The memory 604 may be volatile (such as dynamic random access
memory (DRAM) or other random access memory device), non-volatile
(such as a read-only memory, flash memory, and the like) or some
combination of the two. The computer 600 may include additional
storage (removable and/or non-removable) including, but not limited
to, magnetically-recorded or optically-recorded disks or tape. Such
additional storage is illustrated in FIG. 6 by removable storage
608 and non-removable storage 610. The various components in FIG. 6
are generally interconnected by an interconnection mechanism, such
as one or more buses 630.
[0052] A computer storage medium is any medium in which data can be
stored in and retrieved from addressable physical storage locations
by the computer. Computer storage media includes volatile and
nonvolatile memory, and removable and non-removable storage media.
Memory 604 and 606, removable storage 608 and non-removable storage
610 are all examples of computer storage media. Some examples of
computer storage media are RAM, ROM, EEPROM, flash memory or other
memory technology, CD-ROM, digital versatile disks (DVD) or other
optically or magneto-optically recorded storage device, magnetic
cassettes, magnetic tape, magnetic disk storage or other magnetic
storage devices. The computer storage media can include
combinations of multiple storage devices, such as a storage array,
which can be managed by an operating system or file system to
appear to the computer as one or more volumes of storage. Computer
storage media and communication media are mutually exclusive
categories of media.
[0053] Computer 600 may also include communications connection(s)
612 that allow the computer to communicate with other devices over
a communication medium. Communication media typically transmit
computer program instructions, data structures, program modules or
other data over a wired or wireless substance by propagating a
modulated data signal such as a carrier wave or other transport
mechanism over the substance. The term "modulated data signal"

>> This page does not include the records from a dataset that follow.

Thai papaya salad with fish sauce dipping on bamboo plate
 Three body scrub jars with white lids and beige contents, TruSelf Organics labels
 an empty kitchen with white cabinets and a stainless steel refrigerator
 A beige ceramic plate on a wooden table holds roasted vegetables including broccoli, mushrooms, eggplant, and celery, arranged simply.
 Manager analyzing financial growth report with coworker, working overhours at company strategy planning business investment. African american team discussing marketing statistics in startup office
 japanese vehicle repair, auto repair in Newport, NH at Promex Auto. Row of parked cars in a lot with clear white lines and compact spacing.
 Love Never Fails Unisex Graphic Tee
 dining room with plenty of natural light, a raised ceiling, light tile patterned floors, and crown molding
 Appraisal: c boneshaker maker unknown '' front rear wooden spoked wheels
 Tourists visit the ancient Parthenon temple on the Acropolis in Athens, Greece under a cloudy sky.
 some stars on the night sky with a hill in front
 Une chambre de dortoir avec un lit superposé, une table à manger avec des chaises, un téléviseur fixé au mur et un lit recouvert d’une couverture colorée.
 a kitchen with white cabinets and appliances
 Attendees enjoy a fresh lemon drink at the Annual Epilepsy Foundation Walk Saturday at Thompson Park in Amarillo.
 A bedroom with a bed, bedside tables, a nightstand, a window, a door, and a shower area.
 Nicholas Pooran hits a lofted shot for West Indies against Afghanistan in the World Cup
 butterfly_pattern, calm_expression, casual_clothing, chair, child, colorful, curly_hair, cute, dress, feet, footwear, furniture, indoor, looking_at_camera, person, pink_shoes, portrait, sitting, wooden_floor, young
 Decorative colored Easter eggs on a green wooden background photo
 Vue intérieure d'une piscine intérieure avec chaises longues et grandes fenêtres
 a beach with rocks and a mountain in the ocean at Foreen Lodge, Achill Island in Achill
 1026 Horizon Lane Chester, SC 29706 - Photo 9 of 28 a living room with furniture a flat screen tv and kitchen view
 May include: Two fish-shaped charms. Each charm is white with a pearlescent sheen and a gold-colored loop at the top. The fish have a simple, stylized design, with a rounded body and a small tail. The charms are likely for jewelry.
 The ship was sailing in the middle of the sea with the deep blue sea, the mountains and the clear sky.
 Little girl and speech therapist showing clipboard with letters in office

means a signal that has one or more of its characteristics set or
changed in such a manner as to encode information in the signal,
thereby changing the configuration or state of the receiving device
of the signal. By way of example, and not limitation, communication
media includes wired media such as a wired network or direct-wired
connection, and wireless media such as acoustic, radio frequency,
infrared and other wireless media. Communications connections 612
are devices, such as a wired network interface, wireless network
interface, radio frequency transceiver, e.g., Wi-Fi, cellular, long
term evolution (LTE) or Bluetooth, etc., transceivers, navigation
transceivers, e.g., global positioning system (GPS) or Global
Navigation Satellite System (GLONASS), etc., transceivers, that
interface with the communication media to transmit data over and
receive data from communication media, and may perform various
functions with respect to that data.
[0054] Computer 600 may have various input device(s) 614 such as a
keyboard, mouse, pen, camera, touch input device, sensor (e.g.,
accelerometer or gyroscope), and so on. Output device(s) 616 such
as a display, speakers, a printer, and so on may also be included.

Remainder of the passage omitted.